The move would help it preserve skills to restart single-aisle aircraft production at rates similar to last year between 2023 and 2025, Airbus human resources head for France, Donald Fraty, wrote in a letter sent to workers on Friday and seen by Bloomberg.
“Airbus faces an unprecedented crisis,” Fraty wrote, referring to an expert report on the economic situation presented to the works council on Thursday. “The prospects for resuming our activities are deeply uncertain.”
Airbus has pledged to slash 15,000 jobs across its operations, with France braced to absorb about one-third of those, as it grapples with an unprecedented industry slump in which almost all its airline customers have postponed or switched orders.
CEO Guillaume Faury stepped up warnings over jobs last week, saying the situation had worsened and carriers were in a more difficult situation after the summer holiday period than he had hoped.
The plane maker is seeking a majority agreement with staff that opens the way to furloughing and other tools that will lower the number of compulsory redundancies, Fraty wrote.

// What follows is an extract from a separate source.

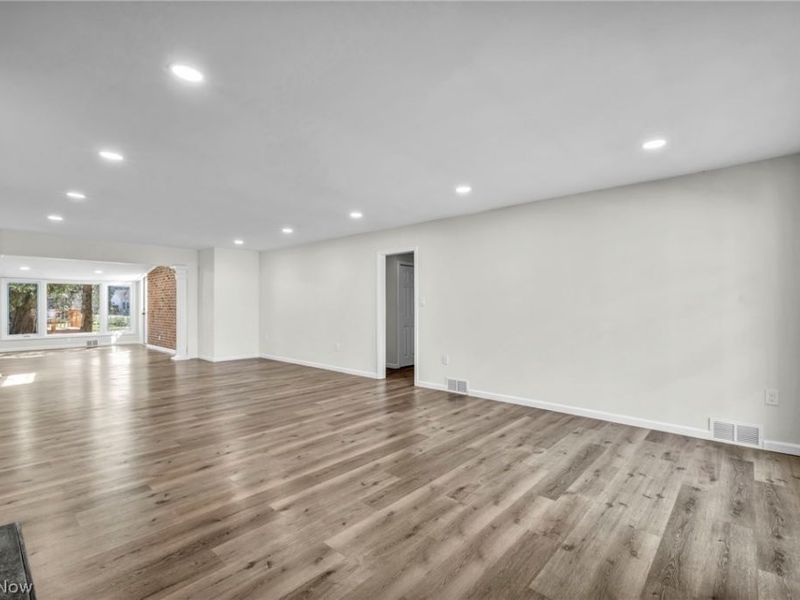 24150 S Woodland Road, Shaker Heights, OH 44122 Photo 6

If approved, reduced working time would apply from January 1, with partial unemployment prolonged for everyone in France until the end of this year. The works council is due to decide on the plan on October 15.
More than 3,500 staff in France have already expressed an interest in voluntary severance, mostly based on age-related measures, according to Fraty.
“The end of the negotiations will not mark the end of our work. Quite the contrary. The fight to save Airbus will continue,” Fraty wrote. “The period ahead of us will be difficult.”
The human resources head added that he expects the government to provide research contributions for several projects, including its zero-emissions aircraft, which would also help to limit redundancies.